You want balanced? She took a survey for a psychology class that defined introverts and extroverts. Out of a 1-100 range, she scored a 52. UT track coach Mario Sategna raves about her attention to detail. Buford-Bailey loves her intelligence. And speed.
“She’s naturally fast,” Buford-Bailey said. “She doesn’t have the greatest starts on earth, but she can hold and maintain her top speed for a long time. And she never stresses herself out.”
Akinosun’s the complete package. Studious, outgoing, she’s a native Nigerian whose first name means “this is mine to treasure.” And boy do her coaches treasure her.
But she’s fun, too. Just check out her decorated fingernails.
This week she had them painted with tiny black polka dots mixed with light blue ones. An ardent LeBron James fan who owns four of his jerseys and a poster and watches every NBA playoff game, she’s considering the Cavaliers’ wine and navy blue colors for the NCAAs. She almost went with neon yellow this week, but changed her mind, something she rarely does.
She’s got a clear vision for her future, whether it’s gunning for a title alongside Courtney Okolo as maybe the best Texas tandem ever or plotting out her graduation next December or her career in working with athletic amputees who require prosthetics.
“It’d be my way of giving back,” said Akinosun, who has considered the job path since she met some ParaOlympians in Toronto at the Pan Am Games. “I can’t imagine what that’d be like.”

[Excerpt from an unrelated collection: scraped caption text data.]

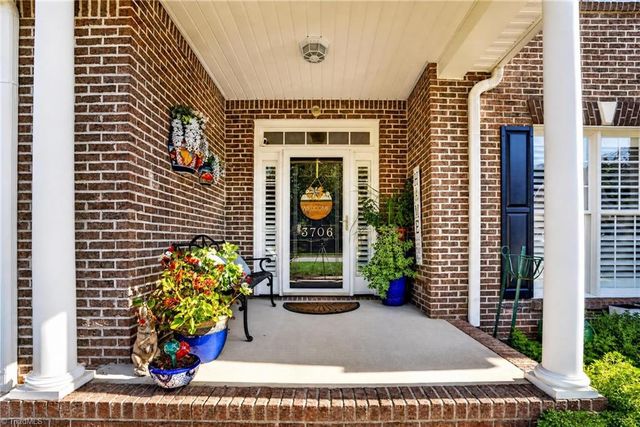 3706 Regents Park Lane, Greensboro, NC 27455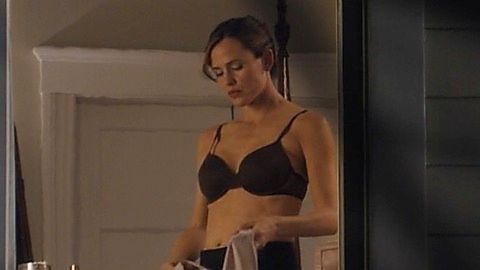 Pic: Jennifer Garner in Wakefield (2016)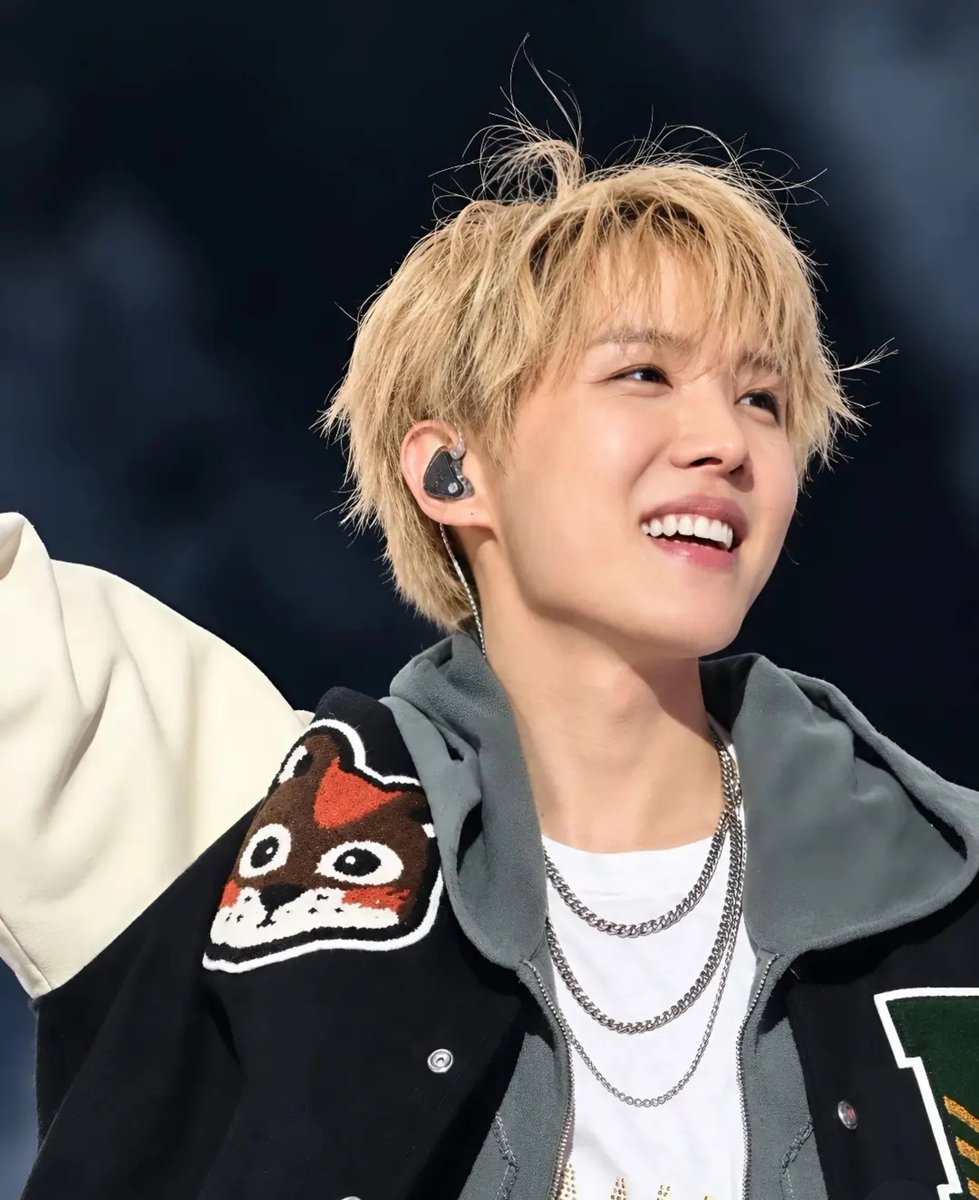 bts2019army's tweet photo. 이때 제이홉 사진 이쁜거 겁네 많아

https://t.co/dJh7EO2o1p https://t.co/9iXn2I3CQh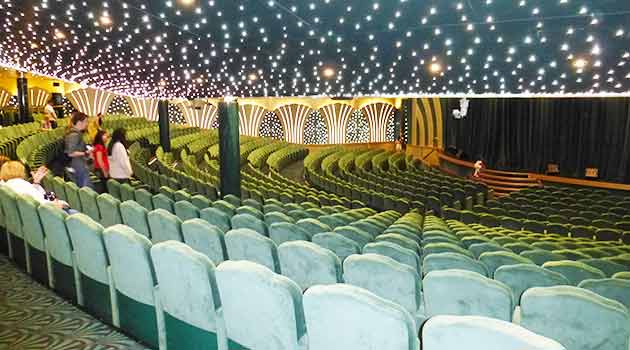 Maresca entrega uma placa de agradecimento ao inspetor-chefe da Alfândega do Porto de Santos, Cleiton Simões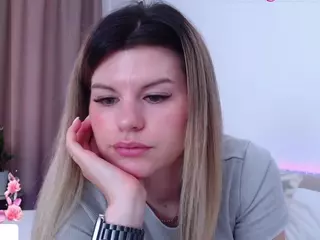 Asti757's Live Sex Cam Show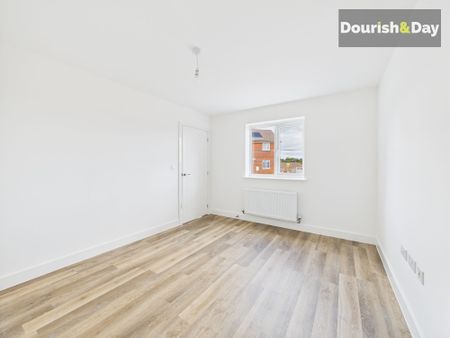 4 bed detached house to rent in Bellardia Road, Stafford, ST16 - Photo 4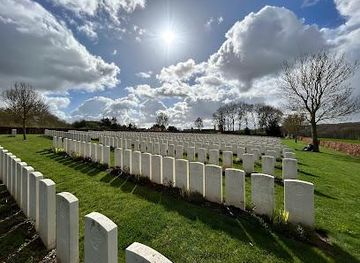 france/amiens/landmark/adelaide-cemetery
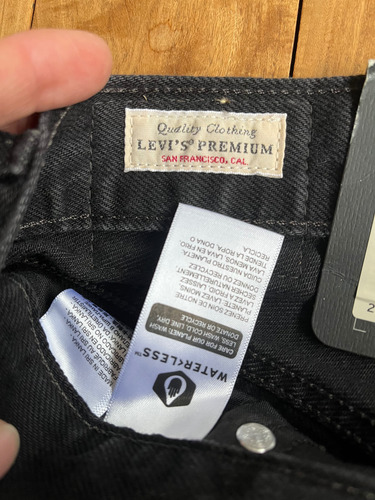 Jean Levis Mujer Baggy Dad Wide Leg Negro 29x30 (Usado)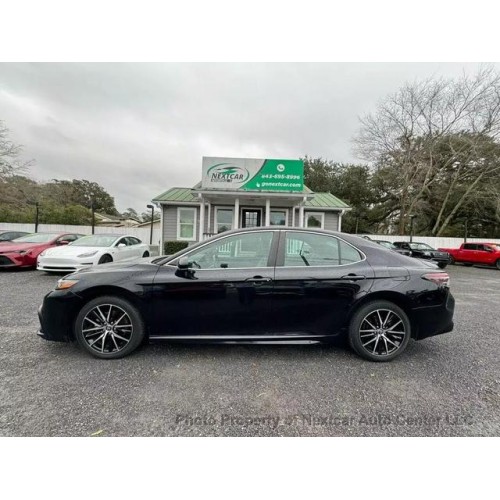 2021 Toyota Camry SE's photo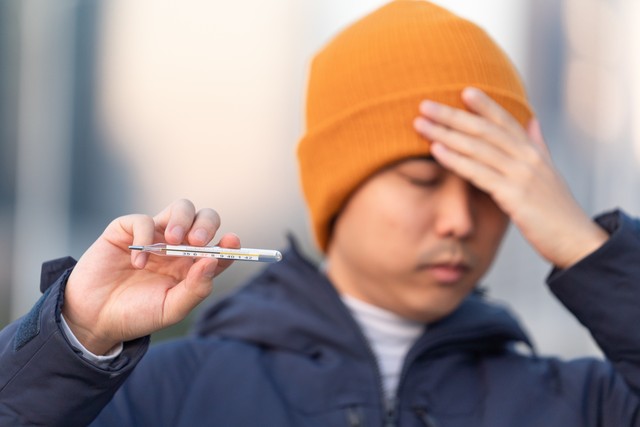 得了新冠可以吃喉痛灵片吗,新冠发烧可以吃西替利嗪吗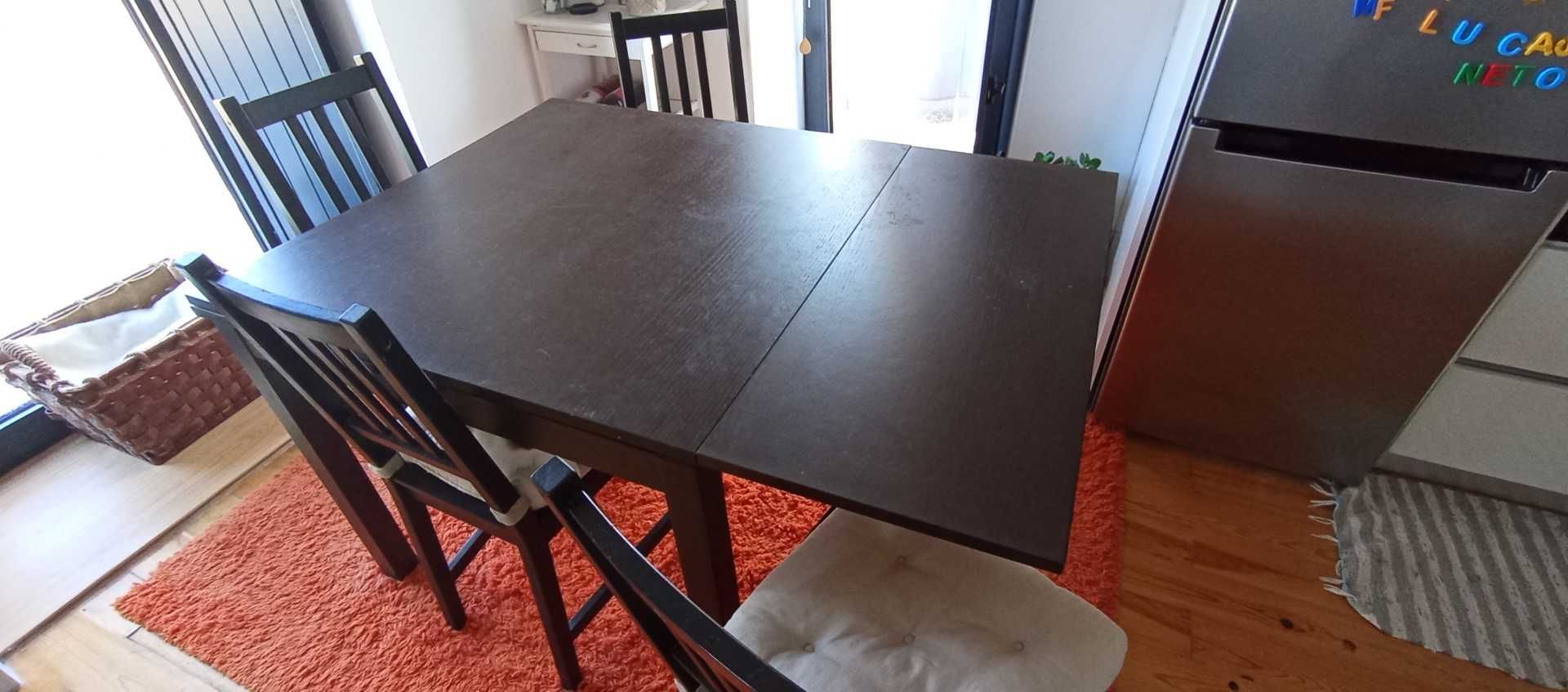 mesa de jantar e 4 cadeiras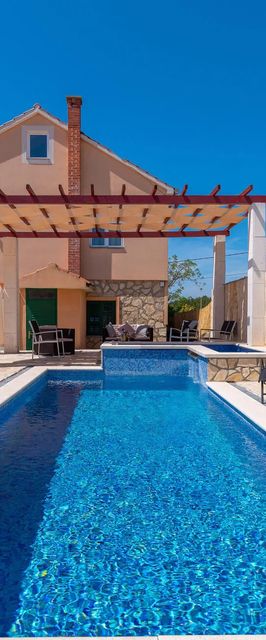 Vendégház Sveti Filip i Jakov - CDI297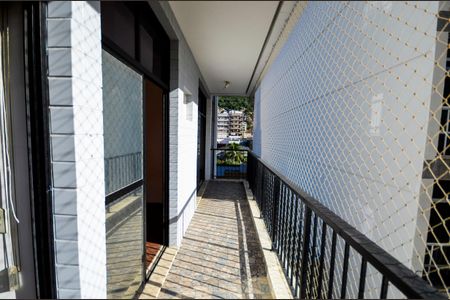 Apartamento à venda com 105m², 2 quartos e 1 vagaVaranda da Sala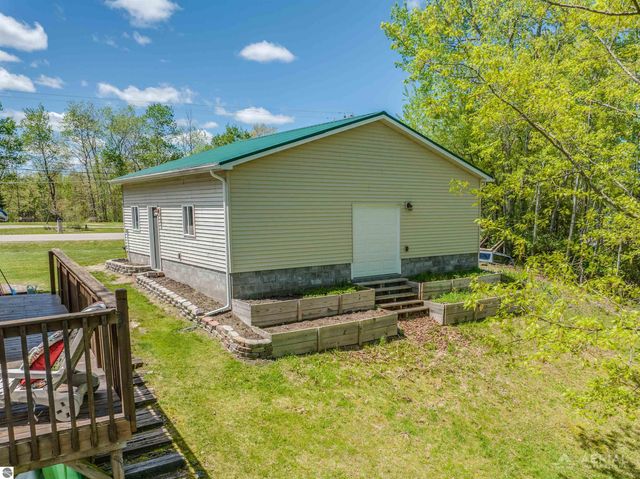 100 Lakeview Drive, Hale, MI 48739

Such a career might have to wait because she’s bound and determined to qualify for this year’s Olympic Games in Rio de Janeiro. She fell in love with the Olympics when she first watched them in earnest in the summer of 2008 where another Longhorn, Sanya Richards, took home a gold and a bronze from Beijing. She was thrilled just to hold the Olympic bronze medal that Buford-Bailey won in the hurdles in the ‘96 Games. Does she want that experience?
“Absolutely,” she said. “I think I have a good chance.”
“She continues to get better and better with her strength level,” Sategna said. “She’s a gamer. She’s not going in there looking for second place.”
That’s especially true because, for all her medals, she’s never won an individual NCAA title. She finished second in the 100 by a eyeblink to Oregon’s Jenna Prindini, who turned pro last summer. She lost by .01 of a second, her second straight runner-up finish after falling to Alabama’s Remona Burchell the year before. Both times, she got over it immediately. After all, she still had the 200 and a 1600 relay to run.
At Oregon, she could run in eight races over a span of just two days. That’s a remarkable feat, even for someone as supremely conditioned as Akinosun. She hasn’t forgotten. Even if she had, she’s reminded every morning when she sees on her mirror inspirational quotes penned in red marker.
One warns against procrastination. The other reads: “You do not wake up today to be mediocre.”
She never has.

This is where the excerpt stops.